In 1882, Charles Cook Hastings purchased 1,100 acres (450 ha) of land between Pasadena and Sierra Madre for US$7 per acre. He named his ranch "Mesa Alta Rancho" and began planting 300 acres (120 ha) with grape vines and constructed a mansion. Soon after he died, his son, Charles Houston Hastings, assumed responsibility for the land. He imported unusual specimens of plants and trees and populated the ranch with peacocks, pheasants, cats, dogs (32 collies) and champion horses. In 1928, the Hastings mansion caught fire and burned to the ground. The ranch fell into a state of disrepair and its operation was left to managers.

Hastings Ranch was one of several competing sites for the University of California's southern campus, but lost to UCLA.

Following the death of Charles Houston Hastings in 1942, the ranch was sold by the Hastings Foundation to a syndicate for over $1 million. The land was subdivided into luxury housing tracts. Hired by Coronet Construction Co. / Coronet Homes, Inc. in the late 1940s, Edward H. Fickett, FAIA was brought in to design the three subdivided tracts. The construction was completed in three phases, including 600 homes in the Lower Hastings tract completed in 1950, 480 homes in the Middle Hastings tract completed in 1950, along with 800 homes Fickett built in 1951 in the Upper Hastings Ranch area.

With the post war growth of the 1950s, a drive-in theater was established at the lowest point of the neighborhood between Rosemead and Foothill Boulevards by the name of Hastings Drive-In Theater. It fell to heavy commercial development in the 1960s. The drive-in was replaced by the Hastings Theater, one of the first multi-screen cinema theaters to be built in Pasadena. The Hastings Theater was a part of the Pacific Theater chain, until it closed in 2008.

Today Hastings Ranch is defined locally as two independent neighborhoods: Upper Hastings and Lower Hastings.

The Lariat is the bimonthly newsletter published for the residents of Upper Hastings Ranch. The newsletter contains information about the neighborhood, as well as publicizing essays by young residents.

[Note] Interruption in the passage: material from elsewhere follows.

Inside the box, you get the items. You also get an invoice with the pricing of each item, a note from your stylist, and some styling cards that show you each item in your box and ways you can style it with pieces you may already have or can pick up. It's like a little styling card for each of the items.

Films made in the Hastings Ranch area include the gas station scenes in Steve Martin's The Jerk. A popular BMX track, used by neighborhood children including the Van Halen brothers (Van Halen went onto play a concert on a flatbed truck in Hamilton Park), was bulldozed when Church of the Nazarene descended upon the ranch style community; its building can be seen from outer space. Naturalist Mike Fey was interviewed about growing up in Hastings Ranch on NPR.


Hastings Ranch is home to Don Benito Elementary School, Pasadena's magnet elementary school, and Field Elementary School. The neighborhood is also served by Wilson Middle School and Pasadena High School. La Salle High School is a private school in the area.


Hastings Ranch is part of the Pasadena City Council's Fourth District, represented by Gene Masuda.

Significant Christmas display[edit]

Upper Hastings Ranch has become one of the most popular areas for neighborhood outdoor Christmas displays.[1] The practice began in 1957 whereby each block in the neighborhood would decorate their homes with some type of theme icon placed in the parkway, e.g., snowmen, Christmas trees, Santas and reindeer, Peanuts cartoon characters, etc. The tour which was taken by automobile would consist of miles of lighting and other entertaining Christmas scenarios displayed about the labyrinth of homes.

The Hastings Ranch Christmas display took its place among the popular local venues of Christmas Tree Lane and the Balian Mansion, both in Altadena.


The neighborhood overall is served by Metro Local lines 268 and 487; Pasadena ARTS routes 60 with connection to the Metro Gold Line terminal complex on Sierra Madre Villa Avenue and Foothill Boulevard. Near by City of Sierra Madre offers transportation on a Gateway bus.